-- Information follows --
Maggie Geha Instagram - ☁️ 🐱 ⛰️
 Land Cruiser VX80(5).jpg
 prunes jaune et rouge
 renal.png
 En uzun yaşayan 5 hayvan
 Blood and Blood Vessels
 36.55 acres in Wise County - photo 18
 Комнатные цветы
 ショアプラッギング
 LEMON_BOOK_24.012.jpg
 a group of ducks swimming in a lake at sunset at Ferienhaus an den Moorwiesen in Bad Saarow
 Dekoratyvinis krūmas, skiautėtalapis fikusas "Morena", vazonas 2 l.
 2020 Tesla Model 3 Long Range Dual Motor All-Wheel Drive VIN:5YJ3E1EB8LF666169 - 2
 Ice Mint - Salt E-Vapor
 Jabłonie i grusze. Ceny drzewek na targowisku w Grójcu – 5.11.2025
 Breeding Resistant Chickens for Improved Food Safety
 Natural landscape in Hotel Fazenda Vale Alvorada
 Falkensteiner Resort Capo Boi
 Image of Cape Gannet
-- Information concluded --
Exercise objective: Exactly as they stand, write out all of the entries.

Exercise response:
Maggie Geha Instagram - ☁️ 🐱 ⛰️
 Land Cruiser VX80(5).jpg
 prunes jaune et rouge
 renal.png
 En uzun yaşayan 5 hayvan
 Blood and Blood Vessels
 36.55 acres in Wise County - photo 18
 Комнатные цветы
 ショアプラッギング
 LEMON_BOOK_24.012.jpg
 a group of ducks swimming in a lake at sunset at Ferienhaus an den Moorwiesen in Bad Saarow
 Dekoratyvinis krūmas, skiautėtalapis fikusas "Morena", vazonas 2 l.
 2020 Tesla Model 3 Long Range Dual Motor All-Wheel Drive VIN:5YJ3E1EB8LF666169 - 2
 Ice Mint - Salt E-Vapor
 Jabłonie i grusze. Ceny drzewek na targowisku w Grójcu – 5.11.2025
 Breeding Resistant Chickens for Improved Food Safety
 Natural landscape in Hotel Fazenda Vale Alvorada
 Falkensteiner Resort Capo Boi
 Image of Cape Gannet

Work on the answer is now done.